Papers published in 2010.

Robert Mercer and Scott MacKinnon, Presence in Marine Simulator Training and Research, INSLC 16, Dalian, China

Presence in Marine Simulator Training and Research

Robert M. Mercer and Scott N. MacKinnon



Full mission ship simulators are typically employed to instruct mariners on standard operating procedures, bridge resource management, ship manoeuvring and/or familiarization with new technologies. However, human factors researchers are increasingly employing simulation technologies to better understand issues such as operator stress, mental workload, heuristic principles and situation awareness. Understanding the factors that influence how an operator makes and executes a decision will offer insight into situations where operator error may occur and provide guidance regarding system and bridge designs. This paper will explore the criteria for designing experimental methodologies appropriate for examining outcomes of operator performance during simulation exercises. Inherent in this approach is the need to design and implement realistic scenarios that engage the test subject. The concept of “presence” in virtual environments is explored in the context of preparing and controlling the simulation exercise used for data collection. Presence is defined as the subjective experience of being in one place or environment, even when one is physically situated in another.  The Situation Awareness Global Assessment Technique (SAGAT) can be employed to assess human performance and integrated navigation systems. SAGAT provides an objective explicit measure of situation awareness by directly comparing the operator’s SA to an operational “scenario”. Examples are drawn from human factors research completed at the Centre for Marine Simulation (CMS).
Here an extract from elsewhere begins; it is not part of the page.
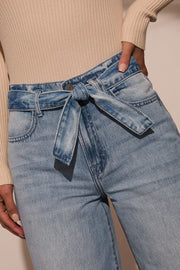 Belted wide-leg denim trousers in medium wash with a tie waist.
Fred Anstey and Cathrine Dutton 2010. Towards STCW 2012: an analysis and discussion of selected topics, IAMU 11th AGA, Busan, Korea

Towards STCW 2012: an analysis and discussion of selected topics

Fred Anstey, Catherine Dutton


A diplomatic conference was convened in Manila in June of 2010 to adopt major revisions to the Standards of Training, Certification and Watchkeeping for Seafarers (STCW). The original 1978 Convention and Code were designed to establish basic requirements for training, certification and watchkeeping on an international level. In 1995 STCW was revised to give greater oversight, and to provide strict implementation obligations. The International Maritime Organization (IMO) has required the latest comprehensive review to reconcile inconsistencies and to address current global challenges. The call for submissions saw those with vested interests putting forward their views on needed changes. While all submissions had the interest of the global shipping community at heart, it is inherent, that with such diverse interests, the inevitable and resultant lobbying and negotiations would impact the final outcome. The revisions pertaining to marine security stipulate mandatory training for all levels of shipboard personnel as dictated by the International Ship and Port Facility Security (ISPS) Code. Mandatory training for the shore-based position of Company Security Officer (CSO) will continue to be ignored. Bridge and Engine-room Resource Management has been moved to the mandatory section of the Code but with an apparent reduction in requisite training elements. Advances in technology have created the need for and recognition by STCW of the electro-technical officer. With an overall increase in training as detailed by the revised STCW it will become increasingly difficult to monitor conformance, including adherence to the requirements for refresher and revalidation training. This paper will review these selected subject areas that have undergone changes in this latest iteration and due to enter into force in January 2012. A brief analysis of STCW training requirements for marine security, Bridge Resource Management (BRM), the electro-technical officer, and for refresher training and certificate revalidation has been undertaken and is presented as a catalyst for thought and discussion.


Keywords: Electro-technical, resource management, MET, refresher training, security, STCW.